# Spoilt Much? (Pic heavy)



## cheekyboy (Jul 14, 2009)

Today I got a little bored, so I went to some of the pet stores in the area. I should know better, because every time I go in there I spend a fortune, and today was no different! 

So, today the birds got a bunch of new toys! These are 3 of them. They also got a HUGE ladder (you can see it in the cage pics a bit further down) and another round rope swing for the playgym on top (also in pics further down).

The photo's arent the best- my old camera isnt too good anymore 










And their toy box full of fun things!










Annnnd their new cage setup! Complete with all new branches and toys!! The play area up the top is also new.. I got the boing off ebay for waaay cheaper than petbarn, and some of the other stuff I already had 




















And how do the boys spend their first few minutes in the cage?

DESTROYING IT of course!!!  

Pickles goes straight for the food- typical.









Cheeky checks out the branch will hold all of his 90 grams









Chip sets about ripping up his new branches and throwing it over the floor


----------



## dude (Mar 29, 2010)

Awesome !

Your cage is the same as mine just a different colour !

I love when you see someone elses cage and you have all the same toys...LOL

Looks like tons of fun !

What wood do you used for branches ?


----------



## cheekyboy (Jul 14, 2009)

They are awesome cages. Best money I've ever spent I reckon! (besides the money spent on the birds themselves! LOL).

The branches are from a few trees in my backyard.. one is a bottlebrush and the other I'm really not sure of. It's an Australian native as well. I've used the branches from these two tree's for years and they just LOVE stripping the bark off and throwing it everywhere! Havent had any ill effects from using the unknown tree- its a favourite amongst the native birds too  I will have to do some research and find out exactly what it is.


----------



## dude (Mar 29, 2010)

Cool!

I use paper bark. They LOVE tearing all the bark off straight away too!

Oh and I should buy a pied too then we will have the same birds too...LOL !

Just kidding. I`m finished at 2 . 2 are more than enough for me.


----------



## Ezzie (Jan 19, 2010)

Oh wow your cage is alot like mine! You even have the same rope swing!!

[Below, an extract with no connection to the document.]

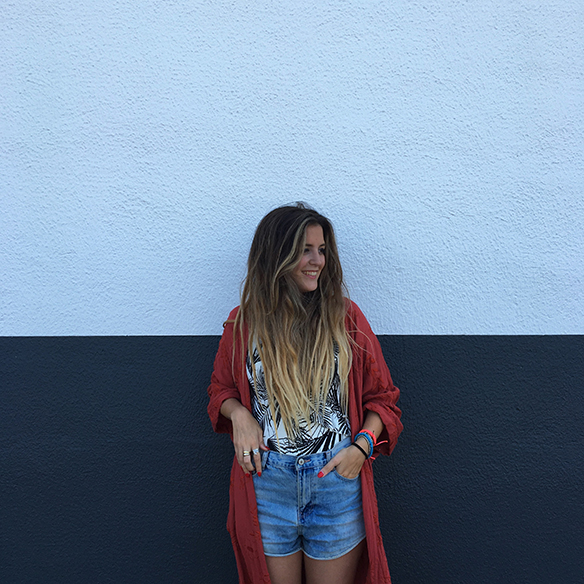 15-colgadas-de-una-percha-bañador-swimsuit-caftan-kaftan-shorts-tiro-alto-high-waisted-shorts-anna-duarte-6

I would love if my birds liked rope perches/ boings but for some reason they dont like them :S even though there the same thing as the swing! Silly birds 

My boys dont like ladders either, Buddy will go on it if i make him but Birdie just has a spazz haha!! Oh well.

The cage looks great


----------



## cheekyboy (Jul 14, 2009)

Dude: Haha that would be so funny if we ended up with the same at one point!! I always said I'd stop at two but then I went for a routine visit to the pet store to grab some new toys and Pickles captured my heart on the spot!! I tried to convince myself for over a week that I was NOT going to get another bird, but every time I went in he was there and I finally gave in  There was a whole bunch that looked identical, so I stood there and watched for 1/2 an hour to be sure it was him!! LOL

Ezzie: Thanks!  It seems like most people have the same looking cages.. after all, I think they are the best! haha. Lots of room and big enough for a few tiels! The boys havent quite got the hang of the boing yet, but I'm working on it. I'm hoping they work out how to use it soon!


----------



## liltweets (Oct 31, 2008)

Nice set up!  I need to find out which trees are safe here in the states and put some natural branches in for them, I bet they'd love it.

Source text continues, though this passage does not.